--- Data shown Enclosed Below ---

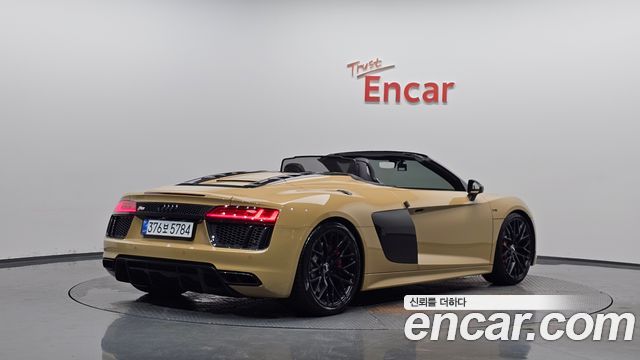 Audi R8 (4S) 5.2 V10 Spyder 2017 — фото 2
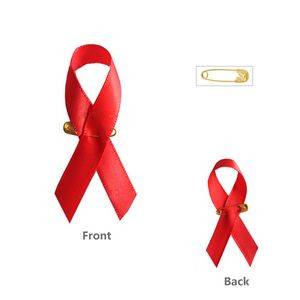 Awareness Ribbon With Pin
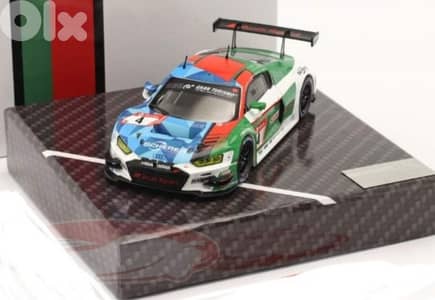 Audi R8 LMS (24h Nurburgring 2019) diecast car model 1;43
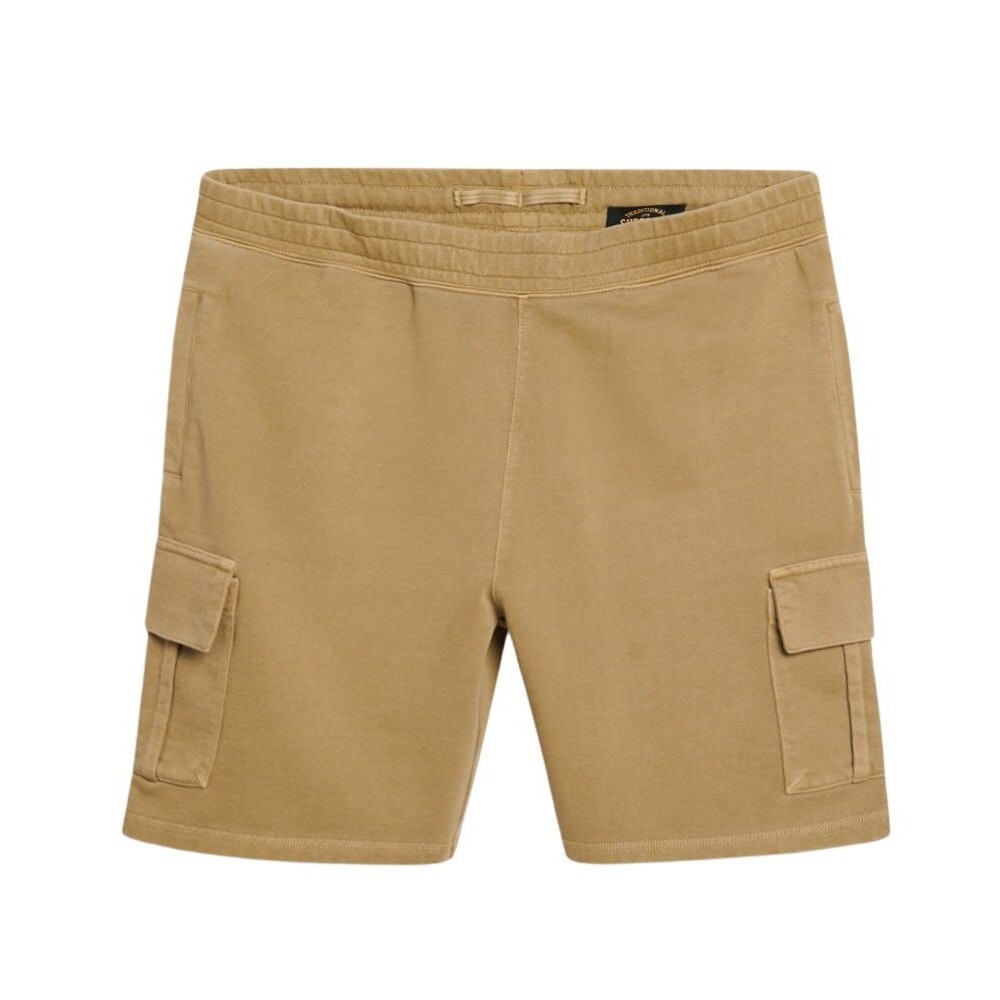 

Шорты Superdry Contrast Stitch Cargo, бежевый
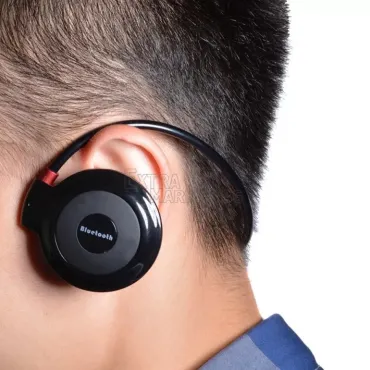 Безжични Handsfree/Bluetooth/Wireless/MP3 гъвкави слушалки
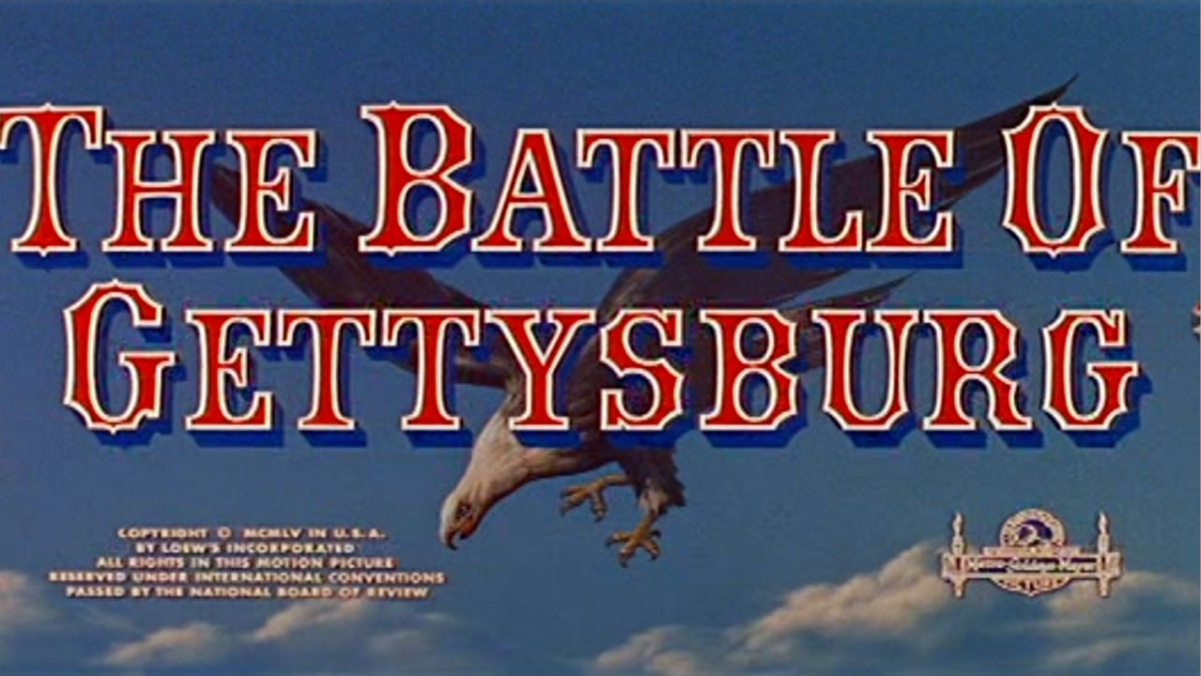 The Battle of Gettysburg (1955) review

--- End of Enclosed Data shown ---

--- Exercise goal ---
Word for word, retype the lines from the one with "Шорты Superdry Contrast Stitch Cargo, бежевый" through the final line of the data, both included. No pictures belong in the copy.

--- Your solution ---
Шорты Superdry Contrast Stitch Cargo, бежевый
 Безжични Handsfree/Bluetooth/Wireless/MP3 гъвкави слушалки
 The Battle of Gettysburg (1955) review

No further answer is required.